Rudolf’s romanticism was not extreme enough to keep him from following his father’s legal career. He eventually wrote a thesis discussing the legal responsibility of strangers to come to the aid of people in distress. Rudolf was interested in the broader philosophical question, particularly the Kantian notions of duty and free will, but it did not occur to him to see what Jewish Talmudic scholars had said on the topic.

Two responses to Anti-Semitism

Well before finishing legal training, however, Rudolf was drafted into the German army. He discovered his Judaism on the French front during the First World War. They say there are no atheists in foxholes, but Rudolf’s first religious experience was more sociological than spiritual. The German government responded to anti-Semites’ claims that Jews were shirking their duty to the Fatherland by ordering a religious census. The Jews were separated out and mocked.

Anti-Semitism intensified after the War. Jews were expelled from the Wandervogeln. I remember my grandfather as an old man, still hurt and even surprised as he told of his ejection on the grounds of his “race”. This anti-Semitism eventually led Rudolf’s younger brother Hans to Zionism and emigration to Palestine – although never to believing or practicing Judaism.

Rudolf’s response was more intellectual and spiritual than his brother’s. He decided to explore the religion that came with the Jewish race. He studied Hebrew in Frankfurt and soon joined up with a group of Jewish intellectuals who wanted to construct a Judaism which both respected the religious heritage and fit with the modern world. The leaders of this “New Thinking” were Franz Rosenzweig and Martin Buber. Today, Buber is the more famous of the two, but in person Rosenzweig was the more inspirational. His complex book, The Star of Redemption (eventually translated into English by Rudolf’s nephew), found a distinct place for the Jews in the history of salvation. “Before God, then, Jew and Christian both labour at the same task. He cannot dispense with either … To us [Jews] he gave eternal life by kindling the fire of the Star of his truth in our hearts…”[2]

Finding Identities

My grandfather worked for a year at the Lehrhaus, Rosenzweig’s school for Jews who wanted to learn about their own – for most of them their lost – religion. The Lehrhaus experience was life-changing for many of those involved, including Rudolf. He met his future wife Hedwig there. More to the point of this essay, both Rudolf and Hedwig found a clear Jewish identity. The couple and their two children escaped Nazi Germany in 1937 and settled in New York, where they lived for more than half a century. Rudolf became an accountant, eventually setting up a successful private practice. Like his father, he had both Jewish and gentile clients.

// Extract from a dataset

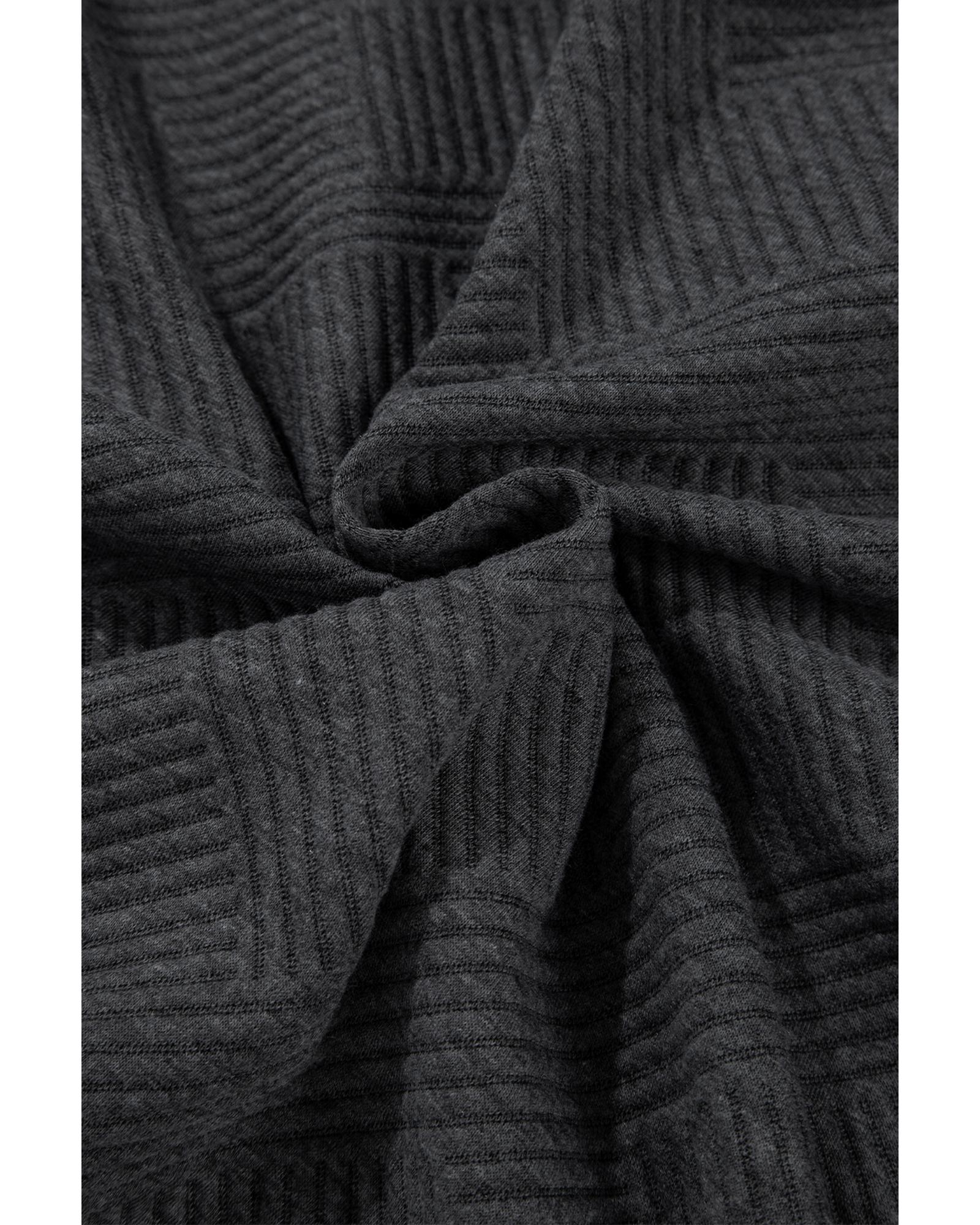 Gray Textured Color Block Kangaroo Pocket Drop Shoulder Hoodie - S 6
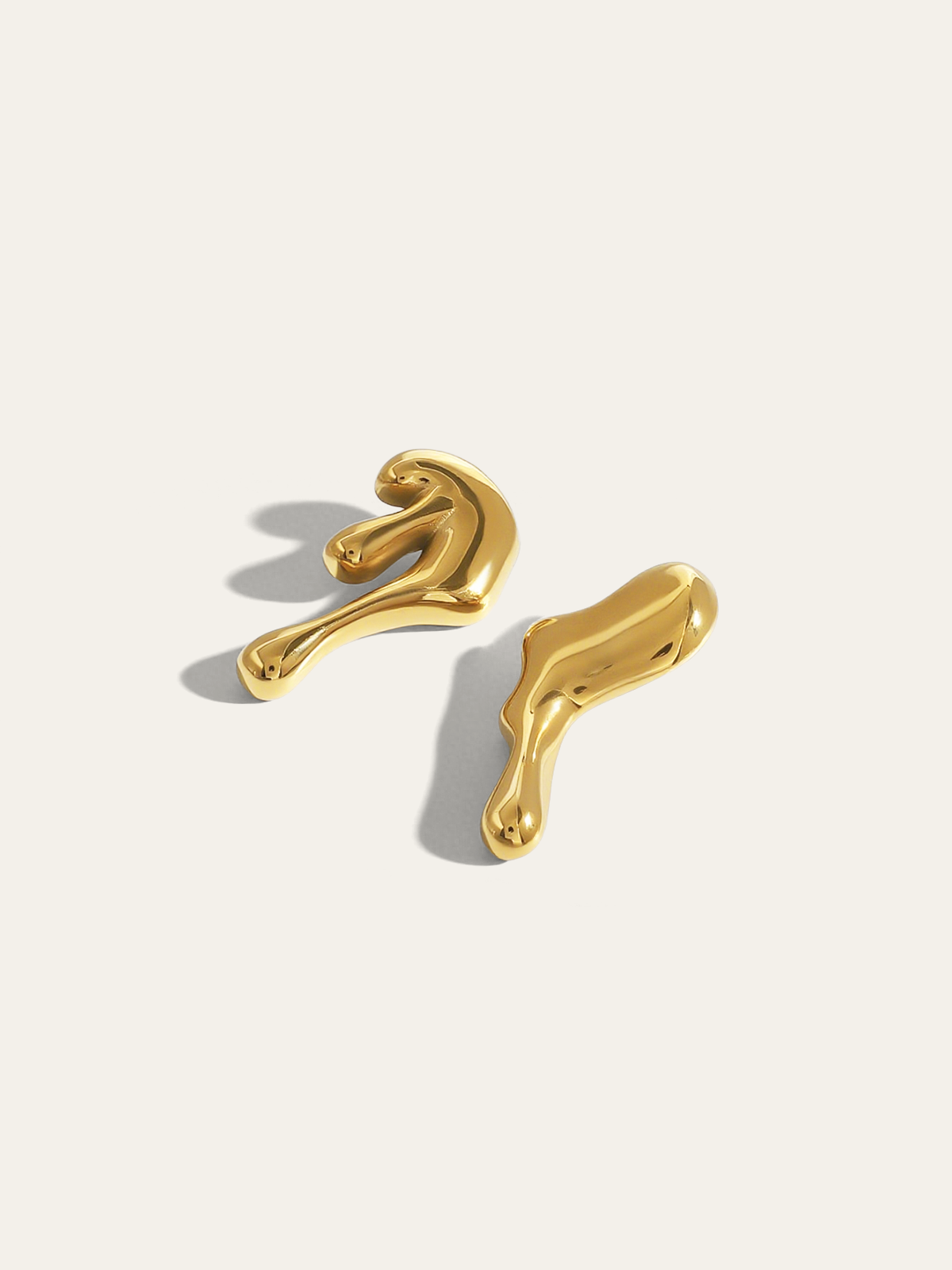 Golden Irregular Sculptural Stud Earrings-Chicvia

My grandfather managed to be German, American and a more-or-less believing and part-practicing Jew. Of the three identities, I would say he was most German, a particularly cultured German. On hearing that I was reading Goethe’s Faust, he surprised me with a joyous recitation of a few dozen lines. He always said Shakespeare was better in the Schlegel translation, a copy of which he had brought from Germany. He was an accomplished amateur painter: landscapes in the style of Cezanne, followed in his old age with more abstract works under the influence of Emil Nolde, the German expressionist.

My grandparents’ Judaism was sincere, but they were unable to pass it on fully to their children. Their daughter, my mother, always identified with the Israeli cause and sometimes attended synagogue, more in her later years. Still, she saw no contradiction between her Judaism and the frequently repeated declaration that “man created God, not the other way around”. In turn, she was unable to establish a practicing Jewish household, slowed down by my father, who described himself as a “non-practicing, non-believing Orthodox Jew”. Judaism drifted out of the family.

The Modern Jewish Question

Arthur and Rudolf found different answers to the most fundamental question that faced Jews in pre-Nazi Germany: How is a Jew also supposed to be a German? Thanks to the Nazis, there are almost no German Jews left to ask this distinctly German question. However, Jews everywhere must still ask how they are supposed to live in a non-Jewish world – call it the Jewish Question.

The modern Jewish Question succeeds a biblical one. Throughout the Old Testament, the Jews were again and again tempted to assimilate with the non-Jewish peoples among whom they lived: Egyptians, Canaanites, Philistines, worshipers of Baal, Hellenising Seleucid kings. The biblical accounts stretch over something like a millennium, but in this fundamental respect they are all quite similar. Time and again, many of the Jews surrendered to the temptation, forsaking the revealed religion of the God of Abraham, Isaac, Jacob and Moses. Time and time again, the Lord responded with frustration and anger, but also with forgiveness and love. God always gives his people another chance to be faithful.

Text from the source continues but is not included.